Expert international en matière de développement durable et d’innovation, Mohamed El Kettani a publié dans le magazine Forbes du 23 janvier 2023 une contribution instructive sur les défis posés par la décarbonation au secteur industriel dans toute sa diversité. Vu son intérêt et les enjeux qu’elle aborde, Le Canard Libéré a décidé de la faire partager avec ses lecteurs.
Nous pénétrons dans une époque critique du 21ème siècle marquée par des désordres moraux, socio-économiques et écologiques. En particulier, le secteur industriel, inhérent à l’activité humaine, est traversé par des instabilités et des mutations considérables. Actuellement, des pans entiers de l’industrie font face à des menaces climatiques destructrices. Ce qui indique que les recettes du passé ne sont plus concluantes pour fabriquer le nouveau monde durable que nous souhaitons. C’est la raison pour laquelle, il nous faut regarder le sujet en face, sans fuir les vraies problématiques qui freinent la croissance soutenable de l’appareil productif.
Dans la suite de rupture des chaînes de valeur mondiales et de tensions accrues sur les ressources, il a été démontré qu’il est vital de pousser vers des alternatives probantes pour construire une véritable souveraineté industrielle. Cette refondation passe par la décarbonation structurelle de nos industries, qui est de toute évidence conditionnée à la clarté de la vision politique, l’agilité du secteur privé, la contribution active des prospectivistes à la définition d’une politique anticipatrice et l’investissement dans les technologies futuristes. Il faudrait notamment promouvoir l’innovation collaborative et sociale pour développer des solutions sur mesure et adaptées aux besoins des industriels en vue de satisfaire les attentes évolutives des consommateurs.
Normes claires
Dans l’objectif de faire ressentir l’impact sur le terrain par les forces vives, il convient de repenser le modèle industriel, en insufflant une dynamique réformatrice et créatrice de valeur au lieu de faire supporter aux systèmes en place des mesures réparatrices souvent imposées brutalement et sans aucune concertation.

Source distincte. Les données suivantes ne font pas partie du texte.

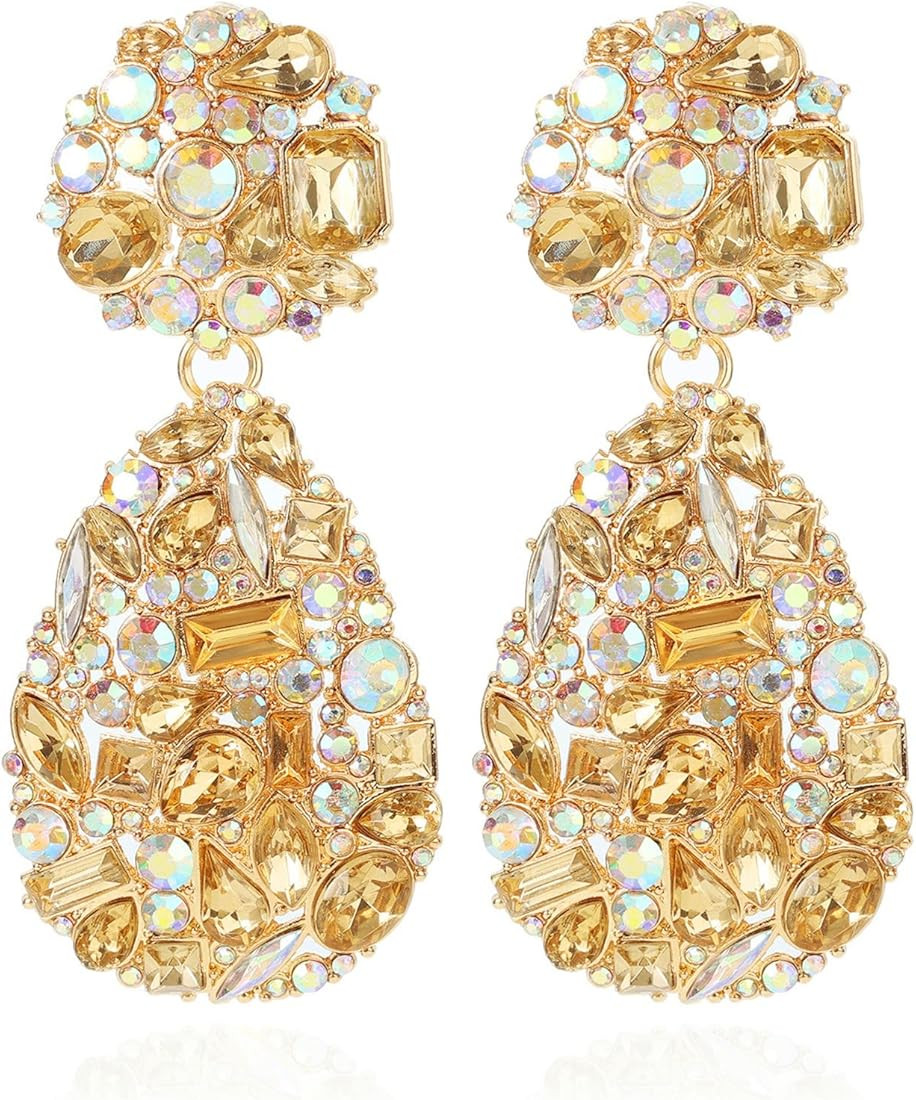 9 Colors Rhinestone Statement Earrings Big Teardrop Costume Earrings Formal Crystal Chandelier Dr... | Amazon (US)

Il est absolument central de sortir d’une logique d’accaparement de la question climatique par les politiques pour la rendre plus accessible aux citoyens. En clair, il faut savoir manier verticalité et horizontalité dans l’action publique face au changement climatique. C’est en adoptant cette approche renouvelée et démocratique, que l’écologie positive prendra le pas sur l’écologie punitive. Il s’agit vraiment du cœur de la vie des populations et non pas uniquement d’un sujet exclusivement technique réservé aux seuls experts hautement qualifiés.

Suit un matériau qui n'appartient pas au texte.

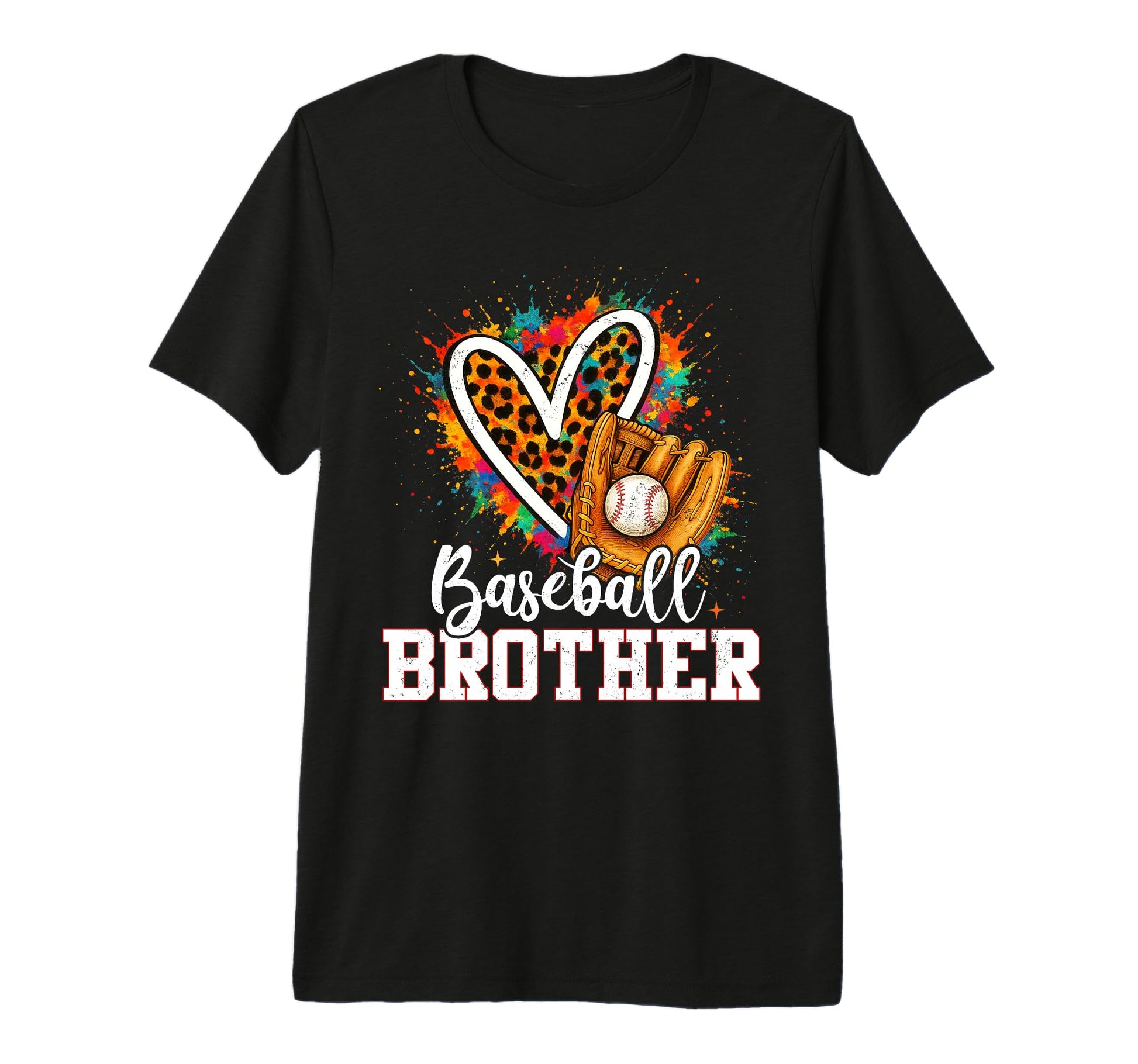 Baseball Brother Leopard Heart T-Shirt - Casual Everyday Wear for Adults - T-Shirt, Sweatshirt, Hoodie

Il est certain qu’aucune industrie ne sera exempte de profonds changements dans la nature des produits et services qu’elle génère. Naturellement, l’industrie lourde comme l’aluminium, l’acier et le ciment, trop gourmande en énergie, est responsable d’un grand volume d’émissions mondiales et doit s’insérer davantage dans les transformations durables. Pour y parvenir, l’écosystème mondial a besoin de normes claires pouvant renforcer l’invention de produits à faible teneur en carbone tout en maintenant la compétitivité économique. Dans ce sens, l’Organisation des Nations Unies pour le Développement Industriel (ONUDI) a rassemblé les gouvernements et le secteur privé via « l’Industrial Deep Decarbonization Initiative » en vue de déclencher un marché d’avenir autour des matériaux à faibles émissions de carbone.

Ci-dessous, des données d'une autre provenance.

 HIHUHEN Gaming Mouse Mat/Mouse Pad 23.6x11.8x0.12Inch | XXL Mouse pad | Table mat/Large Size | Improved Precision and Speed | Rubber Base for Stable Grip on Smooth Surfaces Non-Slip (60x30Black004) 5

Convaincu de l’impact du green Business, le leader du monde de la construction LafargeHolcim a fixé des objectifs pragmatiques de réduction de son empreinte carbone et s’active sur tous les fronts pour transformer son modèle de production en embarquant l’industrie cimentière dans cet élan. De manière significative, cet acteur pionnier investit dans la recherche de solutions moins émissives et promeut la circularité en privilégiant le béton bas carbone tels que ECOPact et Susteneo. En outre, le Groupe participe à la plateformisation des démarches de décarbonation via Decarb connect conçue par un consortium d’industriels modernistes. Pour chaque pays, le sujet de l’énergie constitue une priorité absolue. En revanche, le passage aux énergies renouvelables ne résout qu’une fraction des émissions industrielles. C’est pourquoi, il parait hautement stratégique de miser sur une large diversité de technologies propres pouvant réduire drastiquement les émissions de l’industrie, à l’instar des technologies de Capture, Utilisation et Stockage du Carbone (CCUS) qui méritent d’être intensifiées sur le marché international. En d’autres termes, la recherche, le développement et la démonstration (RD&D) sont des leviers puissants pour mettre sur pied de nouvelles options de décarbonation.
Leader mondial
Dans ce domaine, il est crucial de s’outiller en laboratoires de classe mondiale pour rivaliser avec des compétiteurs de haut rang qui font bouger les lignes à l’image du Centre pour l’Electrification et la Décarbonisation de l’Industrie (CEDI) du Massachusetts Institute of Technology – MIT, agglomérant des chercheurs de premier plan pour imaginer des solutions d’énergie novatrices à même de changer structurellement la donne et d’abattre les barrières de la décarbonation. Point intéressant, l’industrie de l’hydrogène vert connait d’importantes avancées et absorbe des innovations technologiques en électrolyseurs et piles à combustibles qui permettent de gérer l’intermittence des énergies renouvelables. Au moment où la préoccupation concernant l’état de notre planète devient grandissante, tous les pays accélèrent la prise en compte des accords internationaux dans les plans d’action nationaux. Dans cette lignée, le fonds de décarbonation de l’industrie de 70 millions de dollars déployé par la Nouvelle-Zélande, a vocation à fortifier l’économie et à créer des emplois qualitatifs et durables.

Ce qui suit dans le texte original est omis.